The task » Copy, word for word, the lines of the listing below from the line with "Let's go through" up to and including the line with "Good morning, my". Drop the pictures.

Data for the task »
= Beginning of Section =
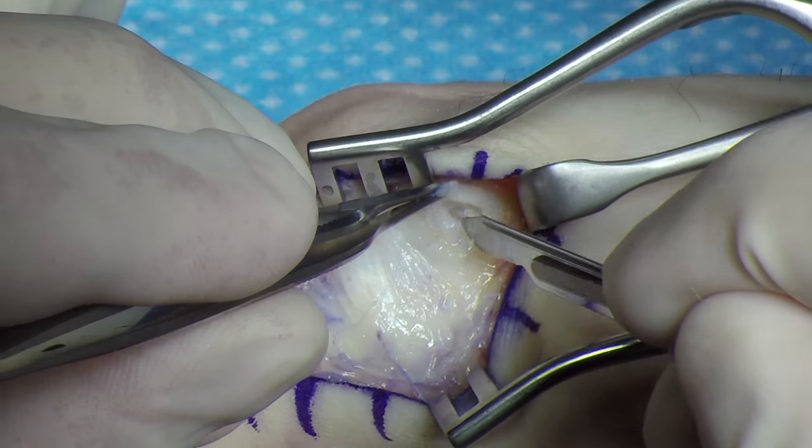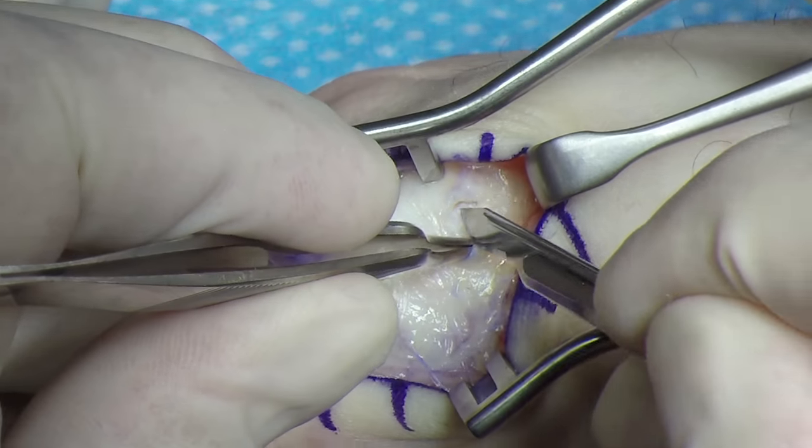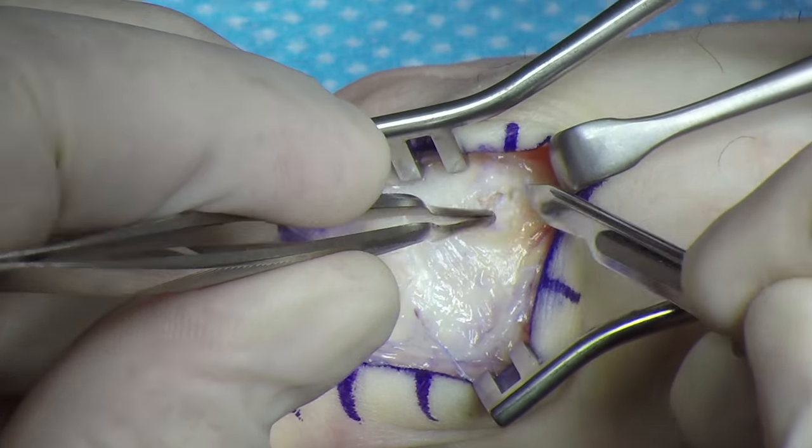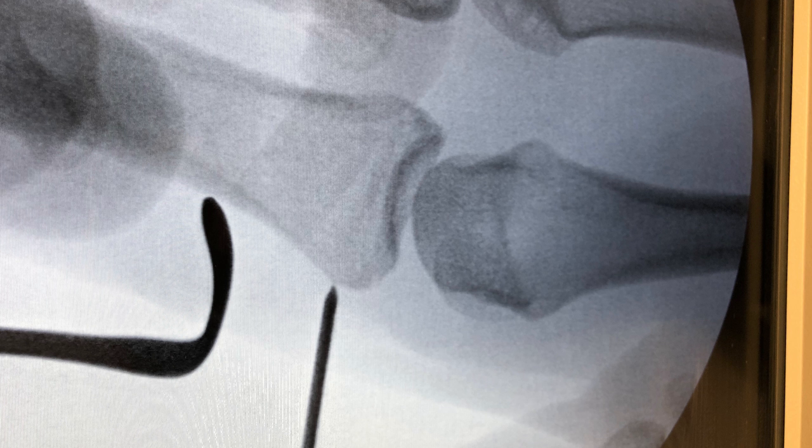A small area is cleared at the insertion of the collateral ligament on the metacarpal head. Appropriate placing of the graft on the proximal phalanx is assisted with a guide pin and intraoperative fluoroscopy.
= End of Section =
= Beginning of Section =
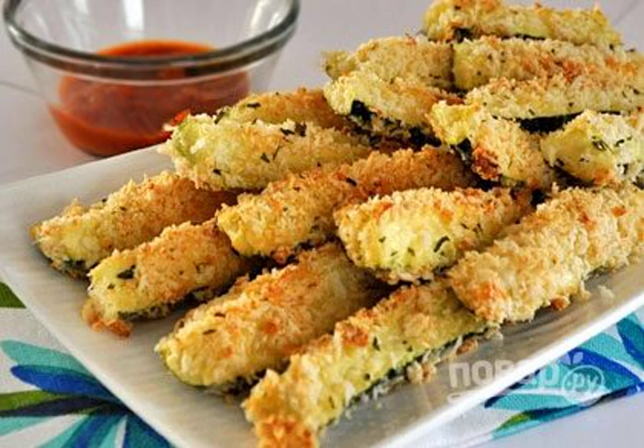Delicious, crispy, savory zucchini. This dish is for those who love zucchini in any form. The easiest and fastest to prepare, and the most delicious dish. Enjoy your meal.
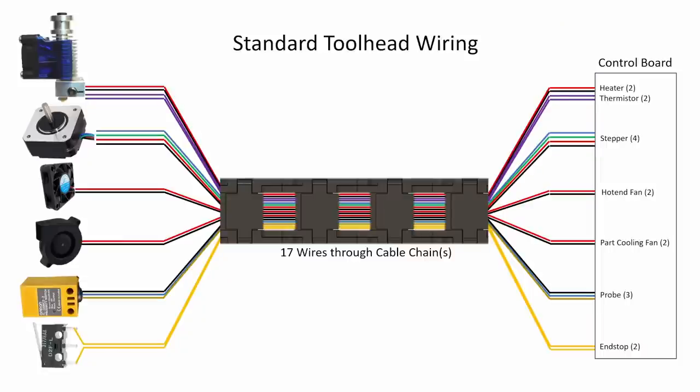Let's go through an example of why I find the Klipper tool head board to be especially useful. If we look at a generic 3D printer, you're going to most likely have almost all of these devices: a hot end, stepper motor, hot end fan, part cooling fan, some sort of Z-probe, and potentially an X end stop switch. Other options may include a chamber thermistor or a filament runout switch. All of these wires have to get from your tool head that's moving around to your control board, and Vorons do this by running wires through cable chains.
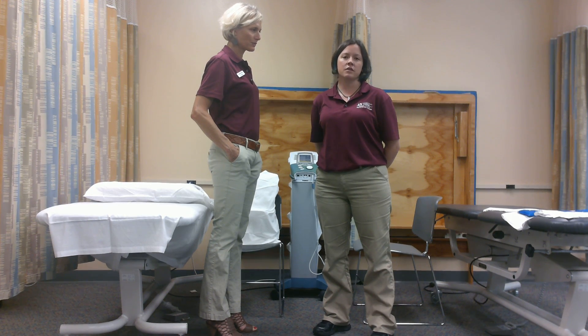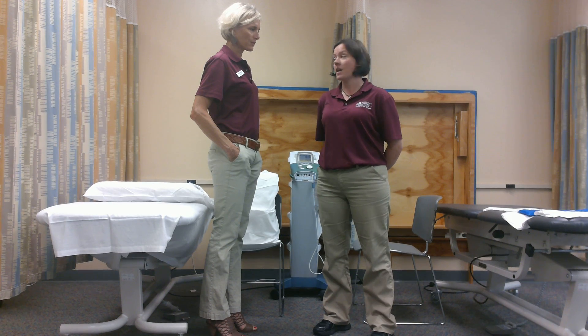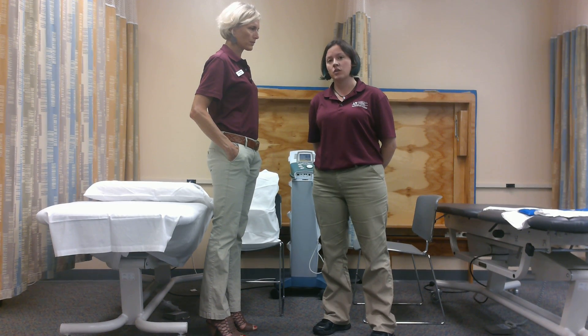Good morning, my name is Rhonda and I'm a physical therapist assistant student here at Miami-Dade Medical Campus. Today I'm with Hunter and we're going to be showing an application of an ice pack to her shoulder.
= End of Section =
= Beginning of Section =
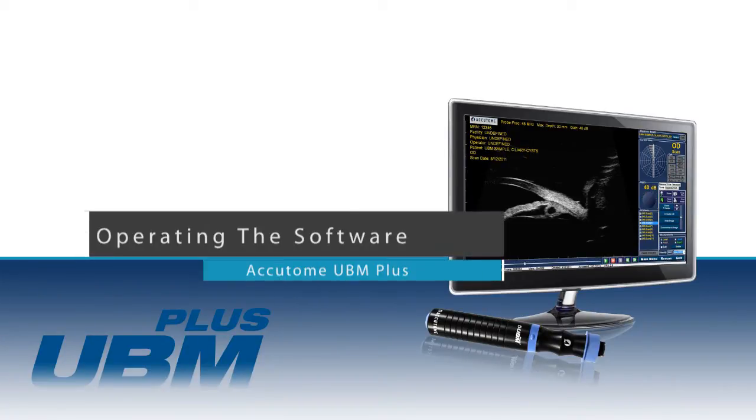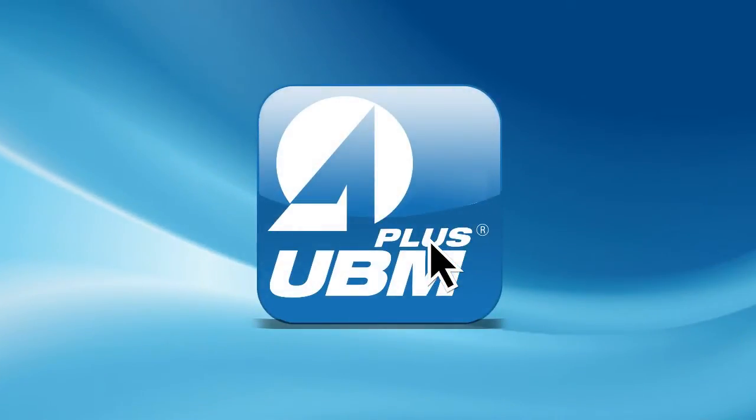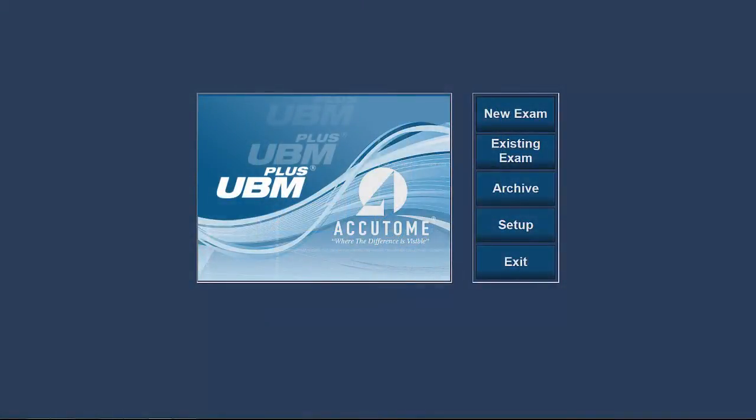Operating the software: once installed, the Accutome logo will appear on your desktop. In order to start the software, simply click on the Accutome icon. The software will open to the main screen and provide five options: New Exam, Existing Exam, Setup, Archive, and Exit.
= End of Section =
Response to the exercise »
Let's go through an example of why I find the Klipper tool head board to be especially useful. If we look at a generic 3D printer, you're going to most likely have almost all of these devices: a hot end, stepper motor, hot end fan, part cooling fan, some sort of Z-probe, and potentially an X end stop switch. Other options may include a chamber thermistor or a filament runout switch. All of these wires have to get from your tool head that's moving around to your control board, and Vorons do this by running wires through cable chains.
Good morning, my name is Rhonda and I'm a physical therapist assistant student here at Miami-Dade Medical Campus. Today I'm with Hunter and we're going to be showing an application of an ice pack to her shoulder.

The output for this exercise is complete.